To edit pages or tickets please login with username/password: aaf/aaf

Ticket #202 (assigned enhancement)

Opened 8 months ago

Last modified 8 months ago

[PATCH] Large speed improvement on indexing (15x)

Reported by: aaf Assigned to: jk (accepted)
Priority: major Milestone: 0.5
Component: 0plugin Version:
Keywords: PATCH Large speed improvement indexing Cc: francois.lagunas@gmail.com, j@jjb.cc

Description

When adding acts_as_ferret to an existing application, with a few thousands of entries in th DB, the initial indexing time is prohibitive : on a MacBook?, 15000 entries are indexed in about 215s. This may lead to the improper conclusion that ferret / acts_as_ferret is slow (but other experiment show that it is not !) In fact, the bulk indexer does not really perform bulk indexing, as the documents are basically indexed one by one. The solution I have found is to change slightly the index_records function in bulk_indexer.rb file revision 316 to :



def index_records(records, offset) 
      docs = {}
      batch_time = measure_time {        
        records.each { |rec| docs[rec.id] = rec.to_doc if rec.ferret_enabled?(true) }
        @index.update_batch(docs)
      }.to_f

      ...
 end

This use a new function, update_batch, that I added in ferret 0.11.6, in index.rb :

  def update_batch(docs)
      @dir.synchrolock do
        ensure_writer_open()
        commit = false
        docs.each do |id, value| 
          delete(id)
          commit = true if id.is_a?(String) or id.is_a?(Symbol)
        end
        if commit
          @writer.commit
        end
        ensure_writer_open()
        docs.each do |id, new_doc| 
          @writer << new_doc
        end
          flush() if @auto_flush
      end
    end

This function performs the same operation as update, but on a set of documents instead of one document at a time. The result is that initial indexing took only 17s instead of 215s, a nice improvement. This of course would need some consistency validation on the ferret side. There may too some subtler improvements to be done, as the delete part of this patch is not totally "batched". And this could be used to speed up other operations in acts_as_ferret I suppose.
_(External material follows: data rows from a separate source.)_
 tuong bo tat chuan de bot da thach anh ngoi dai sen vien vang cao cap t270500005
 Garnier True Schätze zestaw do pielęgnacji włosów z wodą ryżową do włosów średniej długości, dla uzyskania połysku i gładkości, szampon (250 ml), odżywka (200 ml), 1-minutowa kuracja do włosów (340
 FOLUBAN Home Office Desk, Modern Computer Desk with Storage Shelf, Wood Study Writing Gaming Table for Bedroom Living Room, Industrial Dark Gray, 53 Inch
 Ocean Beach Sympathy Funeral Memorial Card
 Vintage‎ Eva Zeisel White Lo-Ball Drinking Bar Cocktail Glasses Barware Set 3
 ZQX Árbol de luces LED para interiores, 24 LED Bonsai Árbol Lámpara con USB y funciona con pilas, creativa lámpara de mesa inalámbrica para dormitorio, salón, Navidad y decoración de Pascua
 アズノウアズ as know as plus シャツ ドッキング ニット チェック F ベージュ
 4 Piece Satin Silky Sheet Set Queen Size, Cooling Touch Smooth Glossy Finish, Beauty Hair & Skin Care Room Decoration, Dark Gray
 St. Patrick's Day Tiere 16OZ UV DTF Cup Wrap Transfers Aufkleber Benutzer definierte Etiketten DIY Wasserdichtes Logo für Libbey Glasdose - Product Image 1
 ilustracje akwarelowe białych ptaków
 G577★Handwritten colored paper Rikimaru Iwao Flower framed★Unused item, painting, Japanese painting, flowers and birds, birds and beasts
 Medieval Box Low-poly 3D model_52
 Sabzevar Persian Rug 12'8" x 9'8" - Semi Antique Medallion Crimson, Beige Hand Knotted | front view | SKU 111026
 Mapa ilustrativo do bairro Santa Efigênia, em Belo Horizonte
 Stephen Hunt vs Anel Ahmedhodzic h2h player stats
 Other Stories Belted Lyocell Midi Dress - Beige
Francois Lagunas francois.lagunas@gmail.com http://www.tourteaser.com

Change History

(in reply to: ↑ description ) 02/06/08 23:14:29 changed by aaf

  • keywords changed from Very Slow Batch indexing to PATCH Large speed improvement indexing.
  • type changed from defect to enhancement.
  • summary changed from Very slow initial indexing (patch provided) to [PATCH] Large speed improvement on indexing (15x).

This has a related ticket on ferret :

http://ferret.davebalmain.com/trac/ticket/340

In fact, when the patch on ferret is used, you only have to use the new batch_update function :

def index_records(records, offset) 
      docs = {}
      batch_time = measure_time {        
        records.each { |rec| docs[rec.id] = rec.to_doc if rec.ferret_enabled?(true) }
        @index.batch_update(docs)
      }.to_f

      ...
 end

Francois Lagunas
Scientific Director, Dailymotion
francois.lagunas@gmail.com
http://www.tourteaser.com

02/07/08 09:25:13 changed by jk

  • status changed from new to assigned.
  • milestone set to 0.5.

cool stuff :-)

02/11/08 15:11:25 changed by aaf

  • cc changed from francois.lagunas@gmail.com to francois.lagunas@gmail.com, j@jjb.cc.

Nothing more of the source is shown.